# Is my TT 180 or 225 hp???



## Majestimatix (Jun 7, 2015)

Hello, I recently purchased a 2000 Audi TT quattro and I've been trying to figure out if it's the 180hp version or the 225hp. It's a 6 speed with AWD and from what I've read only the 225's came with the 6 speed transmission. Thing is it has a single exhaust coming out the back so I'm not quite sure. How can I tell which one it is??? Is there a model number i could look up or something?? Any help would be greatly appreciated. I'm new to the Audi world and would like to know more about my car. I'm loving my TT so far!!

thank you


----------



## MCPaudiTT (Nov 26, 2006)

Only MY2000 had a 180 Quattro.

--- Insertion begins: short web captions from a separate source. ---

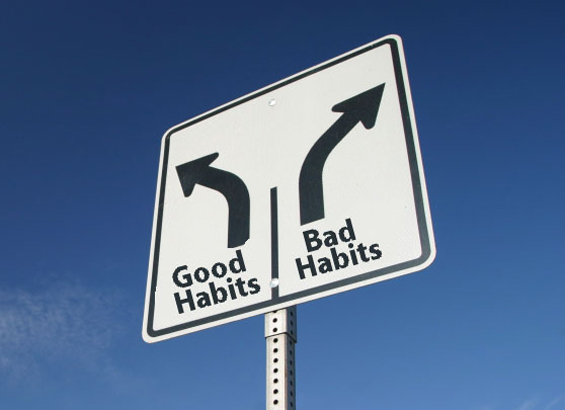 (2) Лоши навики кои не прават несреќни Лоши навики кои не прават несреќни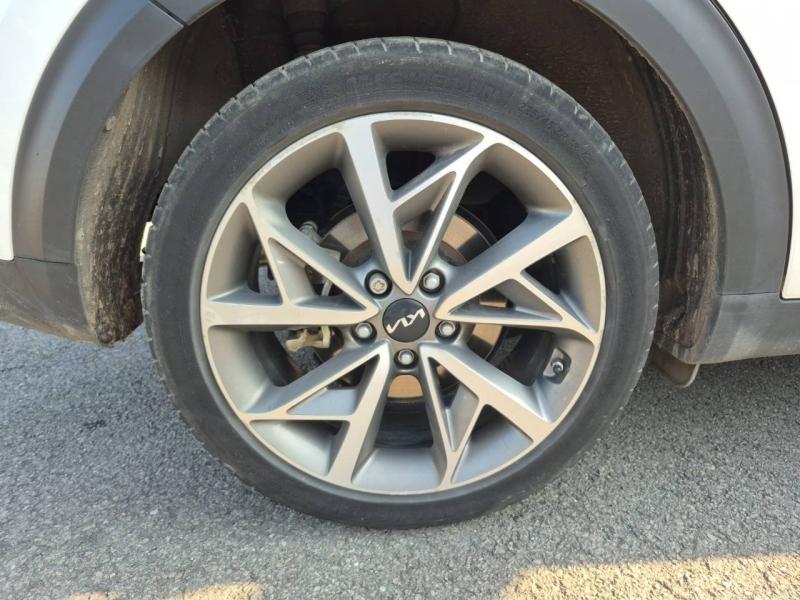 Image KIA Niro 1.6 GDi 105ch ISG + électrique 43.5ch Lounge DCT6 MY22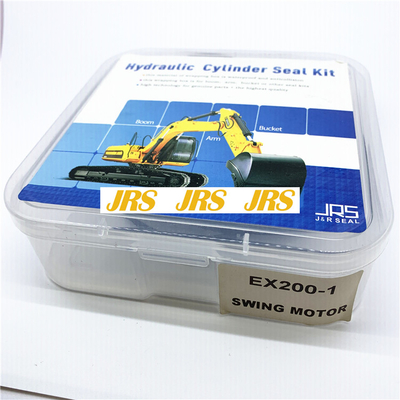 EX100 EX200 SWING MOTOR SEAL KIT PUSAT POMPA HIDROLIK JOINT SWING OIL SEAL PERJALANAN MOTOR silinder hidrolik seal kit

When looking at the engine from the front of the car, is the throttle body on the right or left? Left (passenger side) is a 180, right (driver side) is a 225.

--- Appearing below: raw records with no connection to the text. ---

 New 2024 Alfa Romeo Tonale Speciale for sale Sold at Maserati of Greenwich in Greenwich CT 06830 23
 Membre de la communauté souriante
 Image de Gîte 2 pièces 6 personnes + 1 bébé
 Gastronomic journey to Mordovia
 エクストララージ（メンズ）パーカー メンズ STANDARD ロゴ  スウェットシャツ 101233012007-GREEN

With a single exhaust, you are 99% likely a 180.


----------



## Gonzalo1495 (Feb 2, 2015)

Easiest way is to check the engine bay as the above poster stated. I have seen people go to the trouble of making the 225 exhaust single outlet, as well as tranny swapping a 180 with a 6 speed. However very rarely will someone go to the trouble of getting a new intake manifold to match the 225's. 
If your engine bay looks like this 








It's a 180
If it looks like this








it's a 225.

Another way to check is to see if you have 1 or 2 side mount intercoolers. Just pull the fender lining back on the fronts and see if you have 1 sidemount total or 2 on both sides. if you have 2 it's a 225. :thumbup:


----------



## Majestimatix (Jun 7, 2015)

Oh, okay. It looks like I have the 180. The previous owner must of swapped the 5 speed with a 6 speed. It's still a fun car to drive regardless, just not very fast. What kind of mods could I do to make mine as fast if not faster than the 225?? Right now I have straight pipe exhaust and a K&N cold air intake.


----------



## hermes350GT (Oct 18, 2013)

Majestimatix said:


> Oh, okay. It looks like I have the 180. The previous owner must of swapped the 5 speed with a 6 speed. It's still a fun car to drive regardless, just not very fast. What kind of mods could I do to make mine as fast if not faster than the 225?? Right now I have straight pipe exhaust and a K&N cold air intake.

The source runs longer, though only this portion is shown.